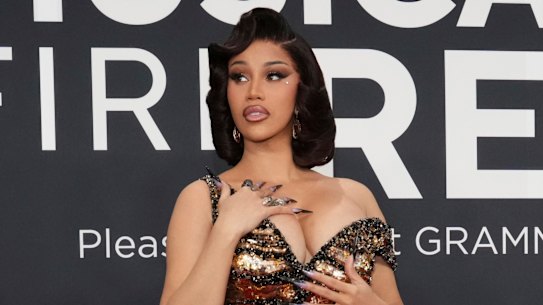 Almost eight years after her Grammy-winning debut, Cardi B is finally back.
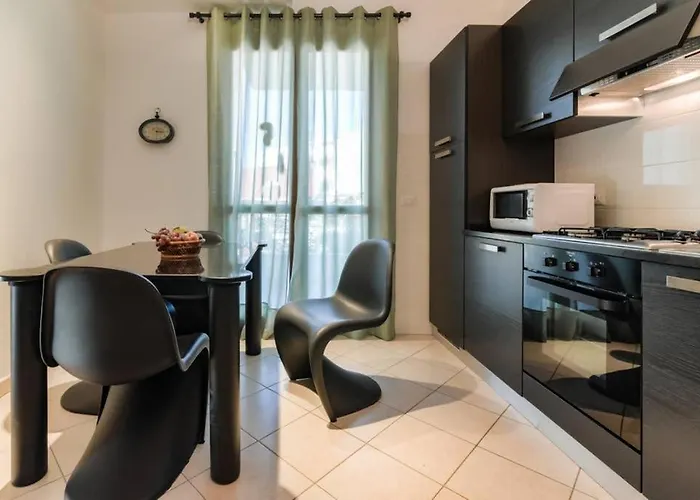 Apartament Delizioso Ad Alghero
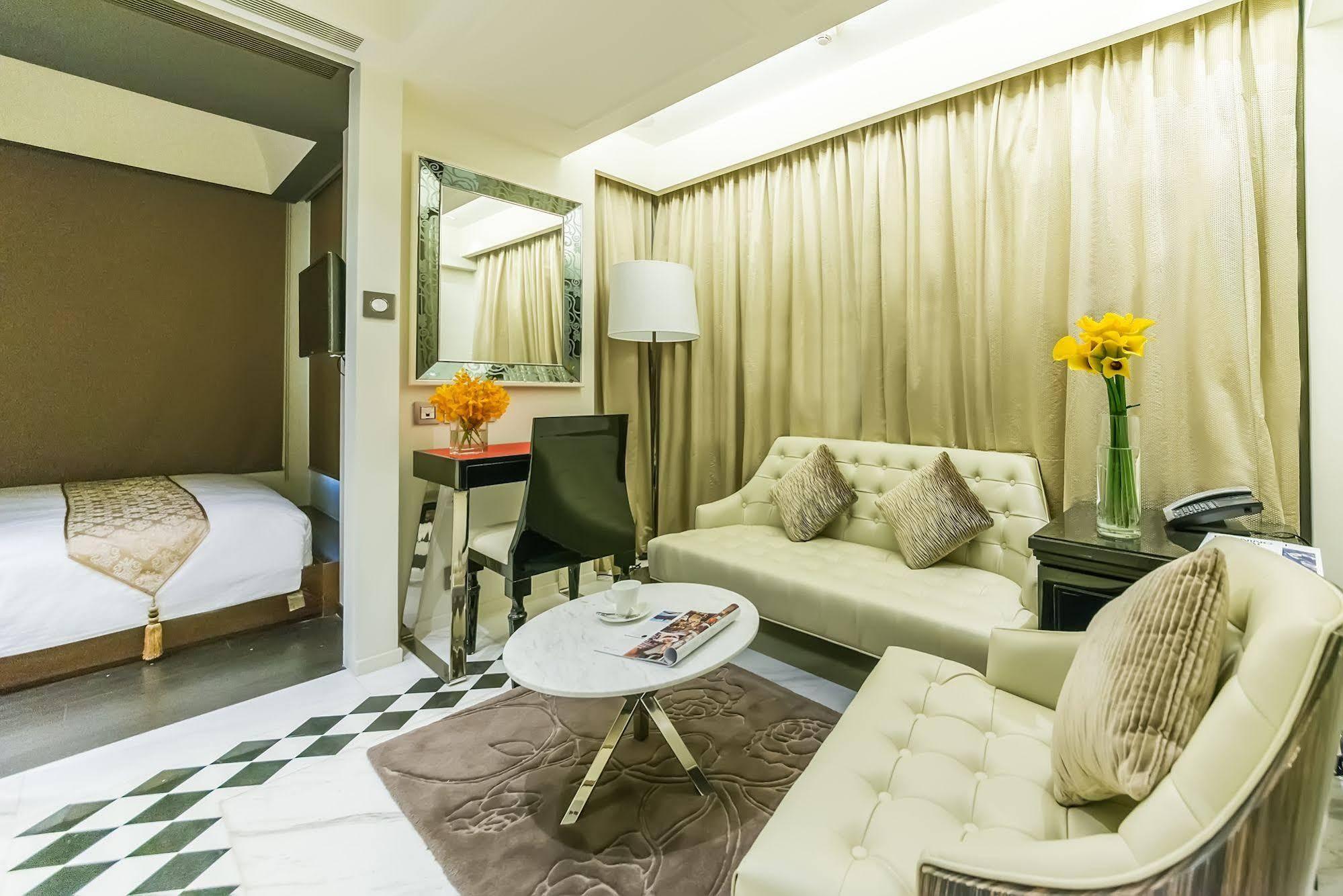 Hotel Pravo Hongkong Exterior foto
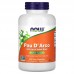 Пау Дарко Кора мурашиного дерева Now Foods (Pau D'Arco) 500 мг 250 капсул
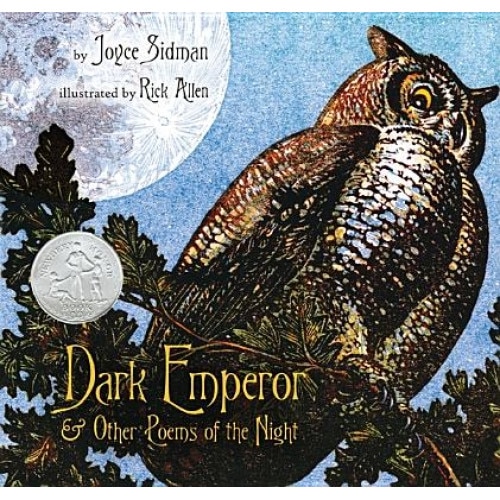 Dark Emperor and Other Poems of the Night, Joyce Sidman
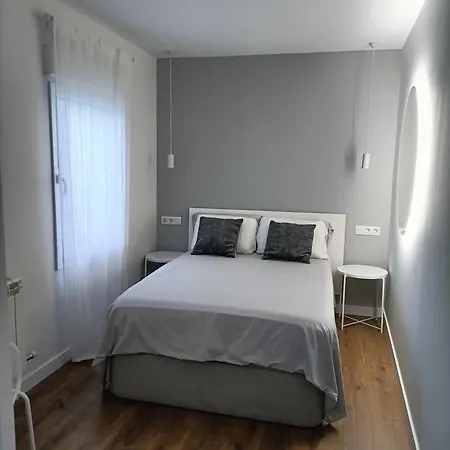 Vivienda Turistica Estacion דירה סלאמנקה
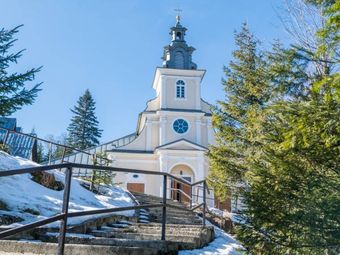 Kościół Matki Bożej Nieustającej Pomocy - Na Górce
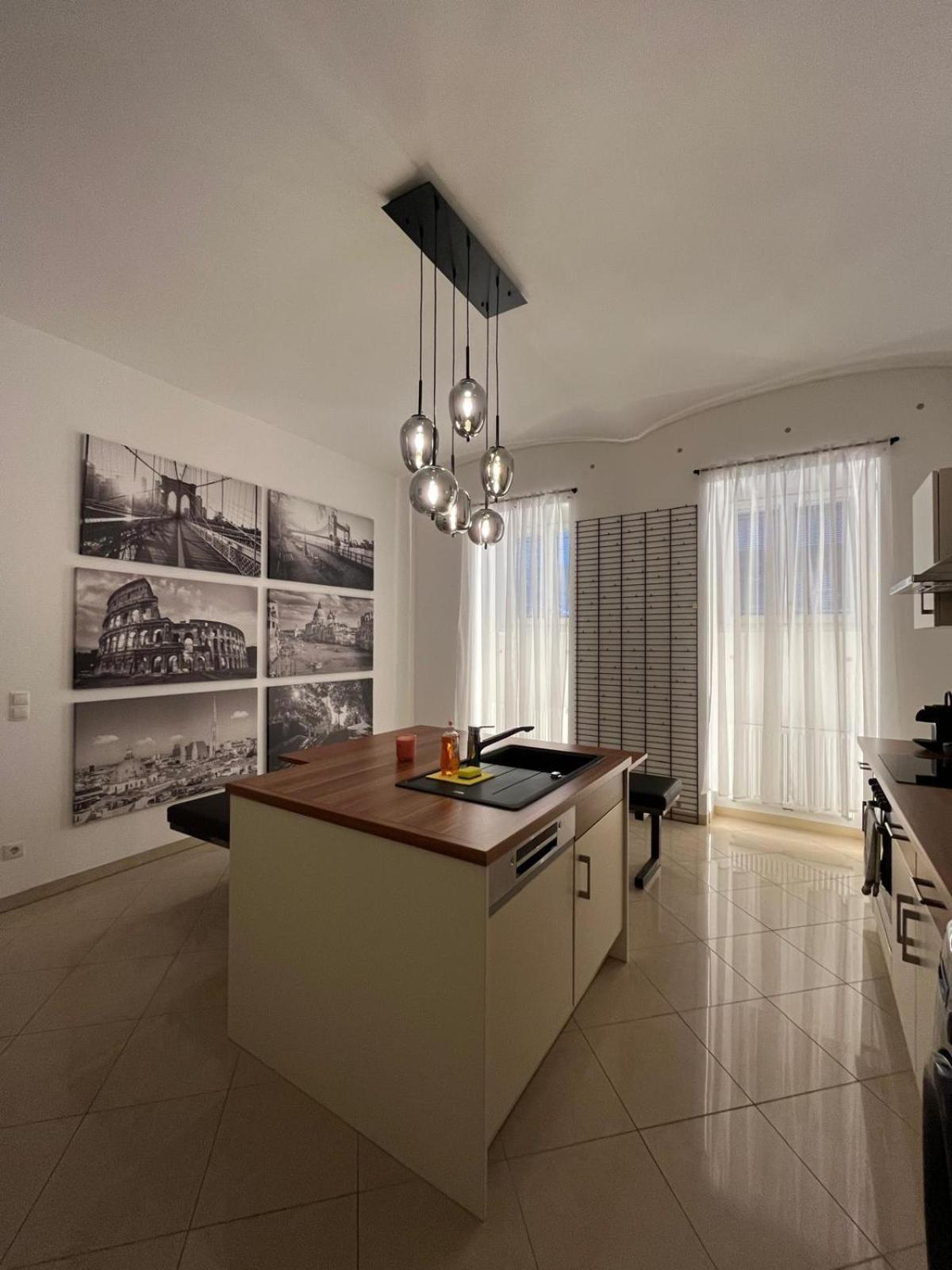Luxury Cityapartment 5 Viena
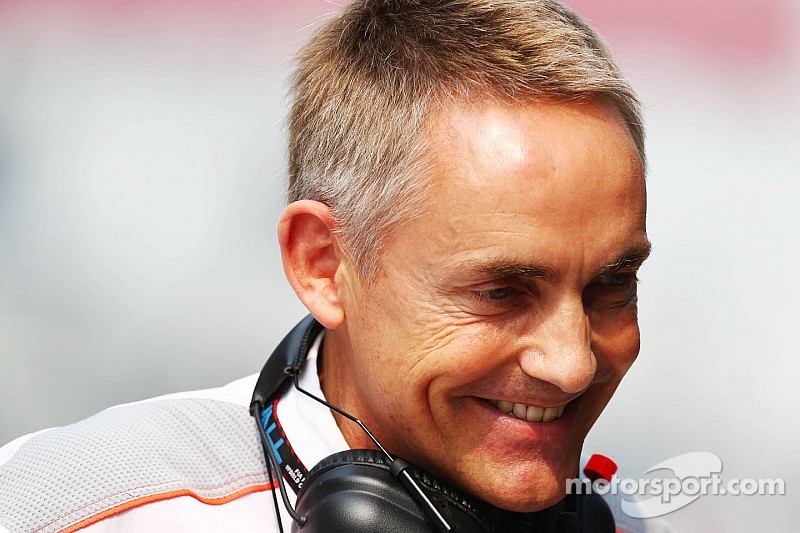 Whitmarsh joins America's Cup team Ainslie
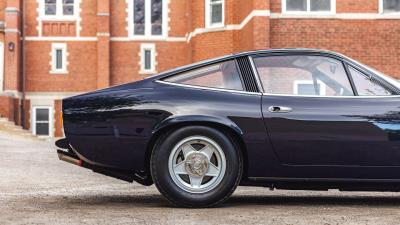 1971 Ferrari 365 GTC/4 ex-Sergio Pininfarina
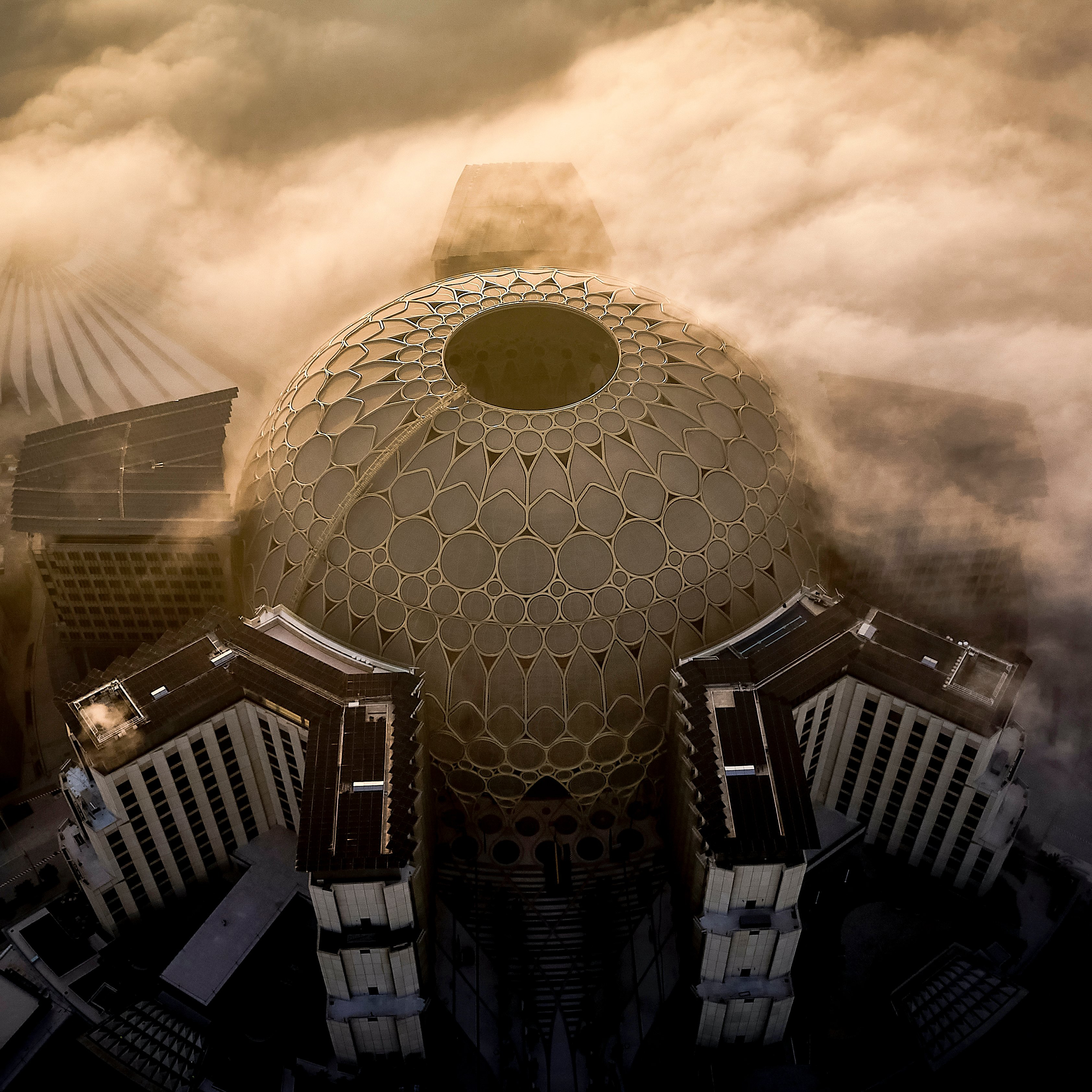 阿尔瓦斯尔广场丨阿联酋迪拜-11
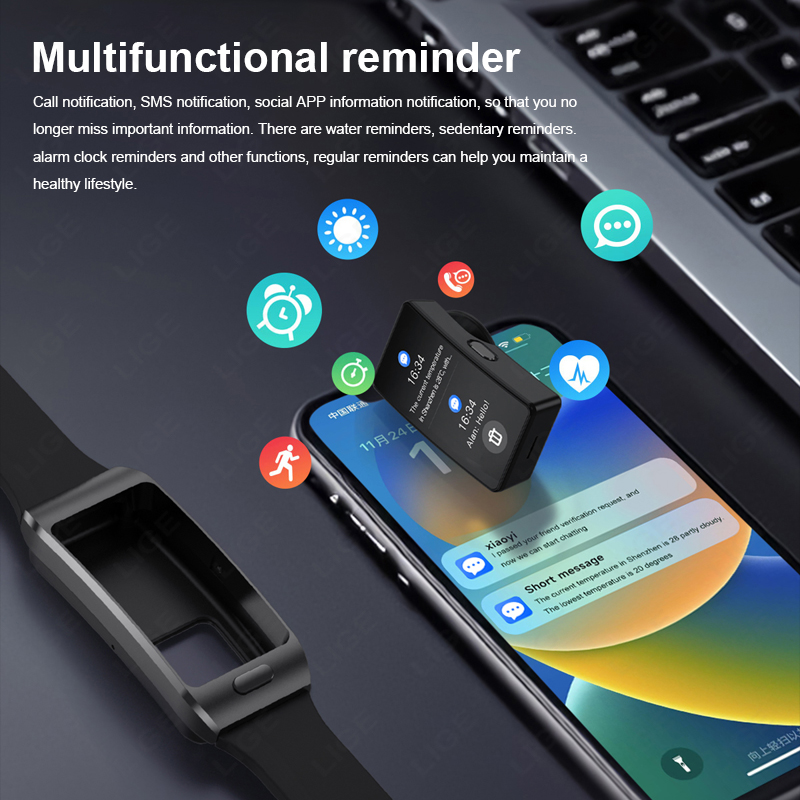 LIGE 새로운 스마트 워치 이어버드 TWS 2 in  - Wireless Earbuds Tws 리뷰 및 가격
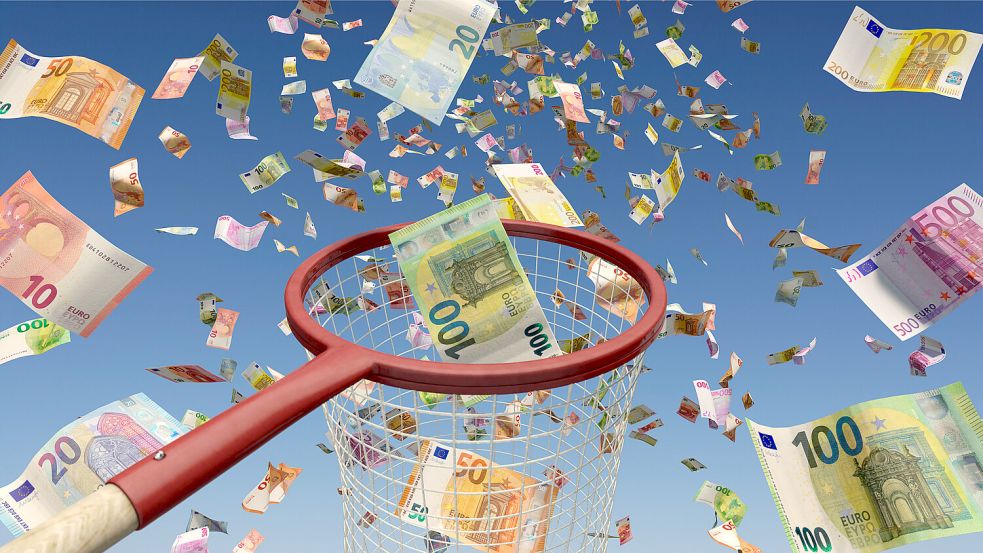 Die Union plant zusammen mit der SPD ein Sondervermögen von 500 Milliarden Euro. Foto: IMAGO / IlluPics
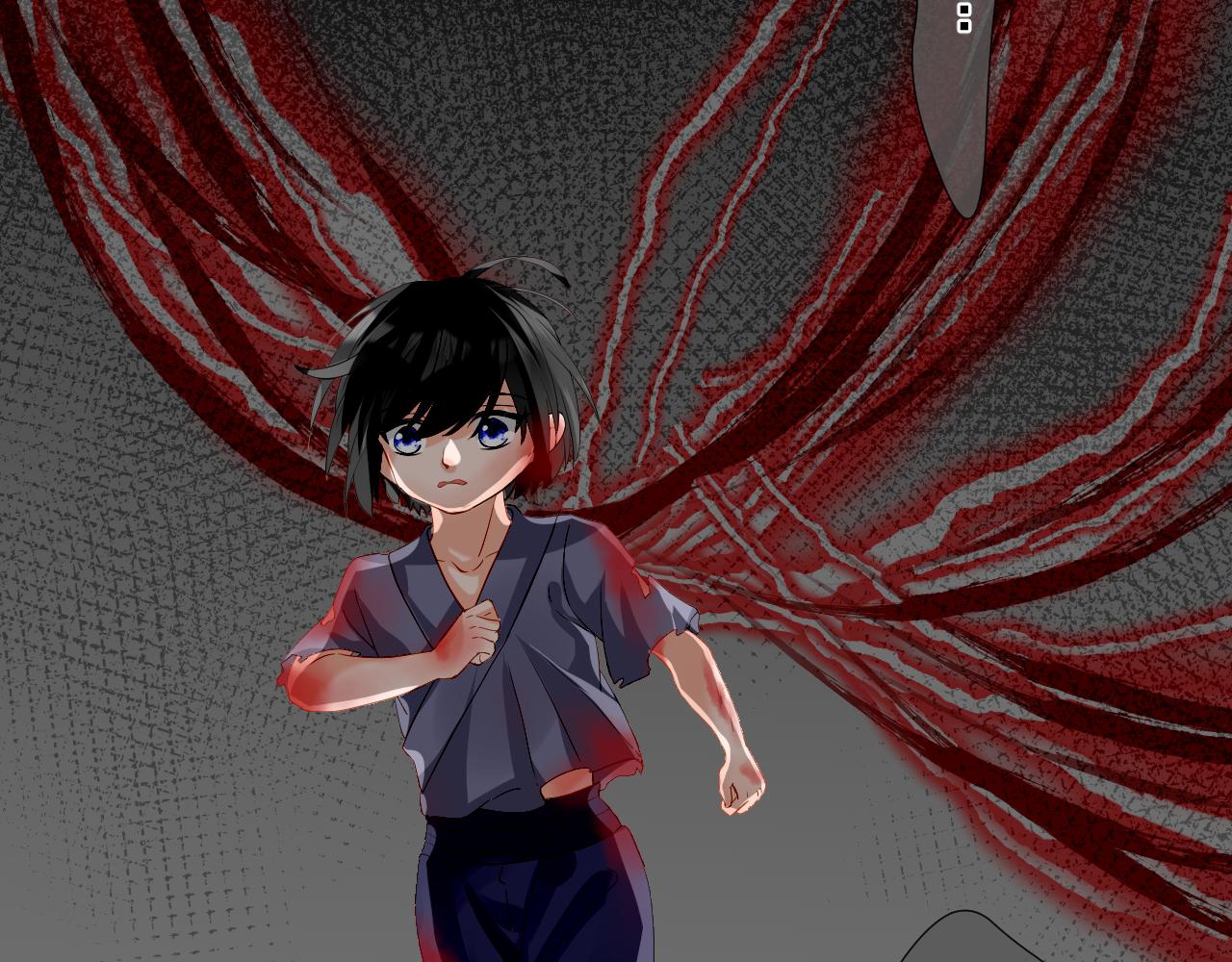 43.跟我走吧。(1/2)-第43话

## What is expected
Copy nothing but the lines from the one containing "Whitmarsh joins America's Cup team Ainslie" through the last line of the listing above, transcribed exactly and with no pictures.

## Solution below
 Whitmarsh joins America's Cup team Ainslie
 1971 Ferrari 365 GTC/4 ex-Sergio Pininfarina
 阿尔瓦斯尔广场丨阿联酋迪拜-11
 LIGE 새로운 스마트 워치 이어버드 TWS 2 in  - Wireless Earbuds Tws 리뷰 및 가격
 Die Union plant zusammen mit der SPD ein Sondervermögen von 500 Milliarden Euro. Foto: IMAGO / IlluPics
 43.跟我走吧。(1/2)-第43话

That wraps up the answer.